= Ah! My Goddess season 2 =

Anime series season

The cover of the first English DVD compilation released by ADV Films on May 8, 2007

Ah! My Goddess: Flights of Fancy, known in Japan as Ah! My Goddess: Everyone Has Wings (Sorezore no Tsubasa), is an anime television series directed by Hiroaki Gōda, animated by Anime International Company, and produced by Tokyo Broadcasting System (TBS). The episodes of the series are based on the manga series Oh My Goddess!, written and illustrated by Kōsuke Fujishima. Like its predecessor, the anime does not follow the manga chronologically. The plot covers adventures of Keiichi Morisato and Belldandy in the aftermath of the Lord of Terror fiasco.

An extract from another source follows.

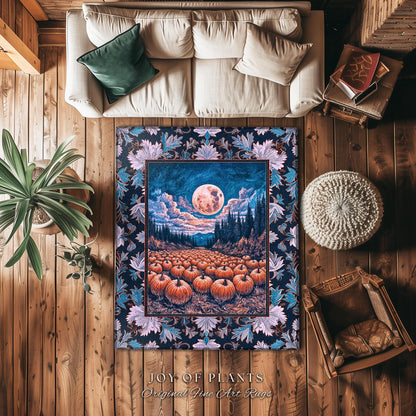 Soft Autumn Aesthetic Pumpkin Rug | Pastel Rustic Fall Bedroom Accent Decor Whimsigoth Full Moon Spooky Season Halloween Gothic Themed Dorm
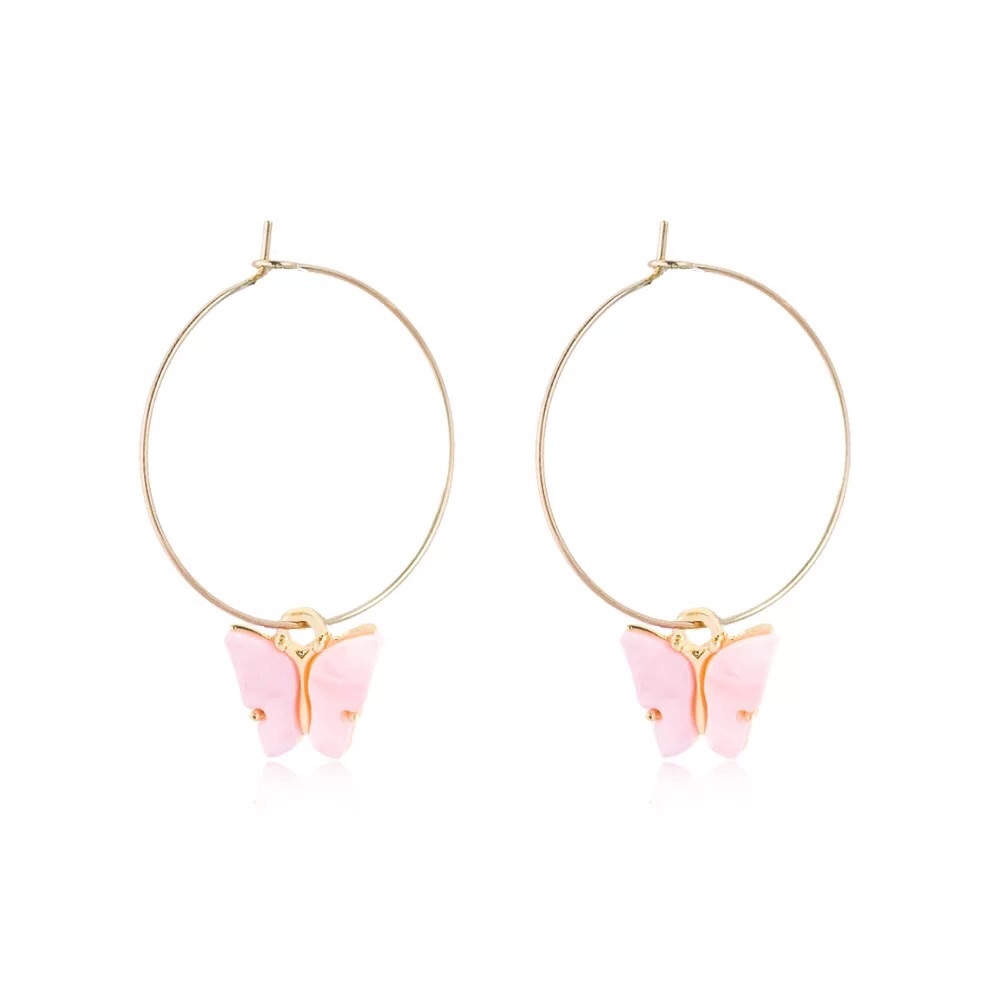 Baby Pink Butterfly Hoop Earrings🦋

It began broadcasting on TBS on April 6, 2006, and concluded its run on September 14, 2006, picking up the story from where the series left off in season one. Season two concluded with episode twenty-two, although the Japanese and North American DVD releases include episodes twenty-three and twenty-four. It was released to DVD in Japan between July 2006 and February 2007 by Bandai Visual. Media Blasters, who released the first season, passed up on this season and it was licensed to ADV Films instead for $516,000 The English dub was produced by NYAV Post, who had produced the dub for the first season. ADV Films released the season on six DVD compilations, each containing four episodes, between May and March 2007. The rights were later transferred to Funimation, who released a boxed set on November 25, 2007.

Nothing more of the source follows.